After three days, they were stamped into Egypt. They were exhausted — but they were safe.
More than a dozen members of the extended family made their way to a hotel on the Nile in Aswan. Outside, tourists rode camels and browsed in shops selling flowering pants and colorful bags. Inside their rooms, the family slept and checked the news from Khartoum.
Soon, they would all leave for Cairo and start looking for places to stay. How long would they be there?
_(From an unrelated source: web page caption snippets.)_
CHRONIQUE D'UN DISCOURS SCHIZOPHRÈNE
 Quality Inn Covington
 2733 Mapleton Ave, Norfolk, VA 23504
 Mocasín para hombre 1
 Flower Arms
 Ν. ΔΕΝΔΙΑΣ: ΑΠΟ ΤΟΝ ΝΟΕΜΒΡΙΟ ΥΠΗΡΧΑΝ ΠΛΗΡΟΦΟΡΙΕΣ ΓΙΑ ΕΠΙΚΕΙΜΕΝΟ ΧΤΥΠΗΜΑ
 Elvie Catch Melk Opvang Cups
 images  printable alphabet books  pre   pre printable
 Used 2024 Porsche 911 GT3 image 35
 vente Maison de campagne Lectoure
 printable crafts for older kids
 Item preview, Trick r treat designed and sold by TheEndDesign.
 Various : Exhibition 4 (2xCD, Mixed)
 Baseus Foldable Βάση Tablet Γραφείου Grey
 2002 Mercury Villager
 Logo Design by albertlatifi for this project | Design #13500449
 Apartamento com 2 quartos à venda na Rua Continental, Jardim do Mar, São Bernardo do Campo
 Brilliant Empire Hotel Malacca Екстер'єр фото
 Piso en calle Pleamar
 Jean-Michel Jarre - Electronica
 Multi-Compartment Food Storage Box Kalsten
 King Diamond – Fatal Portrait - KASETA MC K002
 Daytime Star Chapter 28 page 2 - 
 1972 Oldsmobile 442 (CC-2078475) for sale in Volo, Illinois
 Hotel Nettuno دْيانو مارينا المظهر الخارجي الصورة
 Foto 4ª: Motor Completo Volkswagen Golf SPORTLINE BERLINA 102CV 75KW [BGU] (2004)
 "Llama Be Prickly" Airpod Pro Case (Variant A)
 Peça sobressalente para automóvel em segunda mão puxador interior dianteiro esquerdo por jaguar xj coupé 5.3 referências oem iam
The uncertainty haunted them — it felt like a bad dream.
Zuhal, the lawyer, who is related to Sheraz, wept as she recalled the week of bombing she had just endured. She spent the only cash she had on medicine. The gold she had hoped to pass down to her children would be used to pay for food and housing.
She has two PhDs and had spent her life working for a better Sudan, she said — hoping to resolve the very differences that were now tearing her country apart.
“I’m indifferent … I can’t enjoy this view,” she said, gesturing to sailboats drifting by on the Nile. “I eat and drink to survive.”
The rest of the extended family went through their belongings and realized just how little they had packed. One cousin, Wafaa, regretted not bringing her visa card or diplomas. Ammar realized the soccer ball was gone. He wished he, too, had packed a book.
Had they at least taken something special with them?, a reporter asked.
“Something special?” Yasir repeated. Then, with the clarity of someone who has left everything else behind, he replied: “My family.”